Home AffairesPétrole brut : Citi voit les prix chuter à 60 $ début 2026

Pétrole brut : Citi voit les prix chuter à 60 $ début 2026

by Amélie Bernard

Les prix du pétrole devraient connaître une nouvelle baisse au premier trimestre de l’année prochaine, selon les prévisions de Citi, qui anticipe une accumulation des stocks dans les pays de l’Organisation de coopération et de développement économiques (OCDE). Cette perspective intervient alors que le marché est déjà confronté à une pression à la baisse, malgré des signaux contradictoires ces derniers jours.

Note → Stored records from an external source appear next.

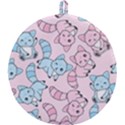 Children Pattern Design Round Trivet View1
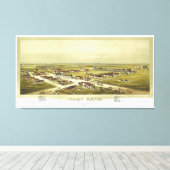 Fort Reno Oklahoma Territory 1891 Lithograph キャンバスプリント (インサイチュ (ウッドフロア))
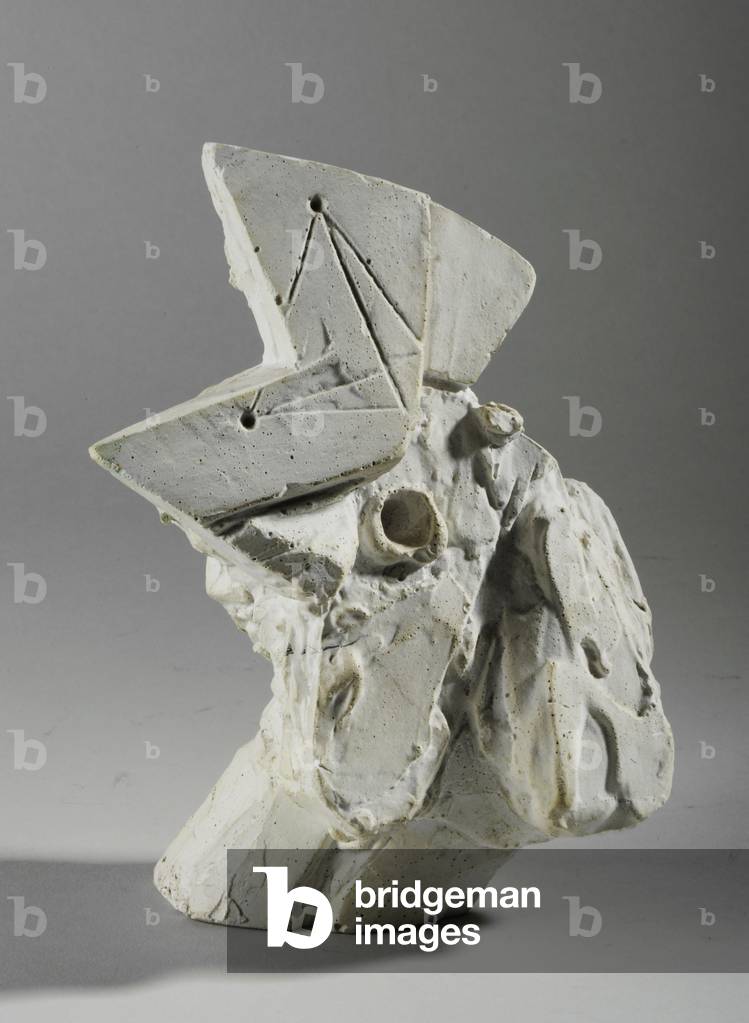 Maquette per testa di un storto bird, c.1955 (gesso) (vedi anche 440269 & 440238-39)
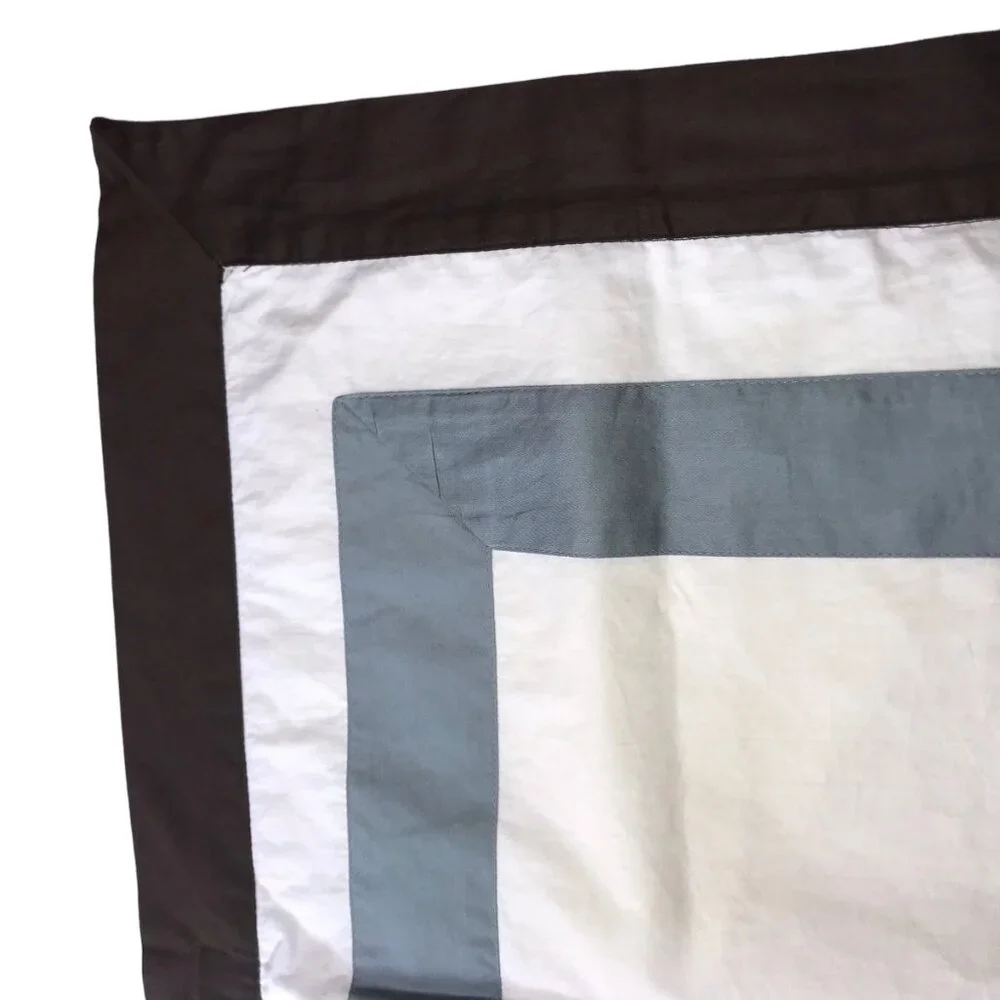 One Pair (Set of 2) Restoration Hardware Pillowcases QUEEN 100% Cotton ITALY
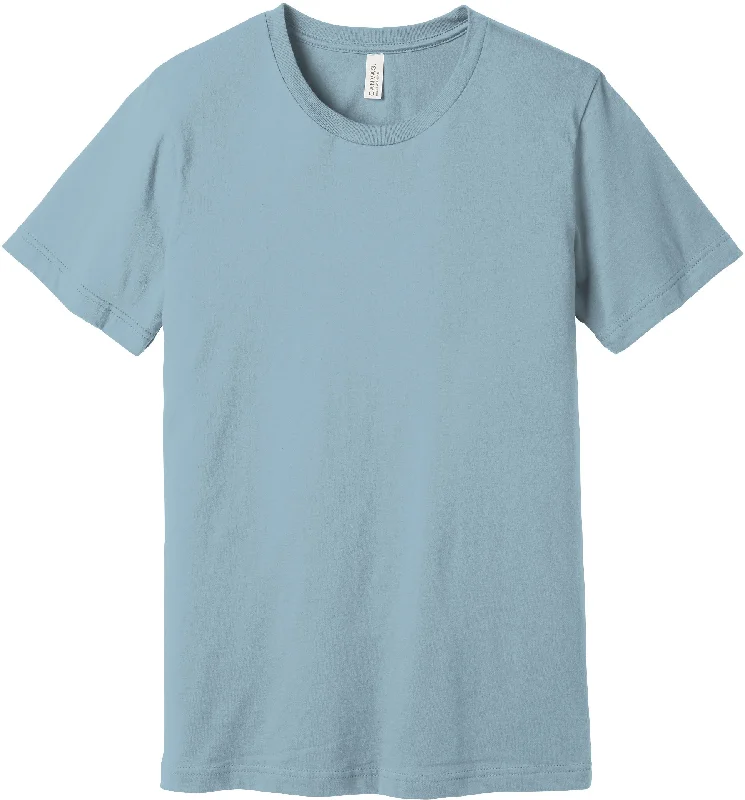 Chic Comfort Pieces Versatile Chic BELLA+CANVAS Unisex Jersey Short Sleeve Tee - Light Blue Chic Comfort Pieces Versatile Chic BELLA+CANVAS Unisex Jersey Short Sleeve Tee - Light Blue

La banque américaine prévoit un prix moyen de 60 dollars le baril pour le premier trimestre 2026, son scénario de base tablant sur 62 dollars pour l’ensemble de l’année. Un scénario plus pessimiste, tenant compte d’accords géopolitiques favorables et d’une demande chinoise plus faible, pourrait même faire chuter le brut Brent à 50 dollars en moyenne sur l’année prochaine. À l’inverse, des perturbations géopolitiques pourraient pousser les prix jusqu’à 75 dollars le baril en 2026.

Concernant l’OPEP+, les analystes de Citi estiment que le groupe pourrait prolonger sa pause actuelle dans les réductions de production, voire jusqu’en 2027, afin de soutenir les prix face à l’offre excédentaire attendue. Cette stratégie viserait à maintenir un plancher sous les cours du pétrole.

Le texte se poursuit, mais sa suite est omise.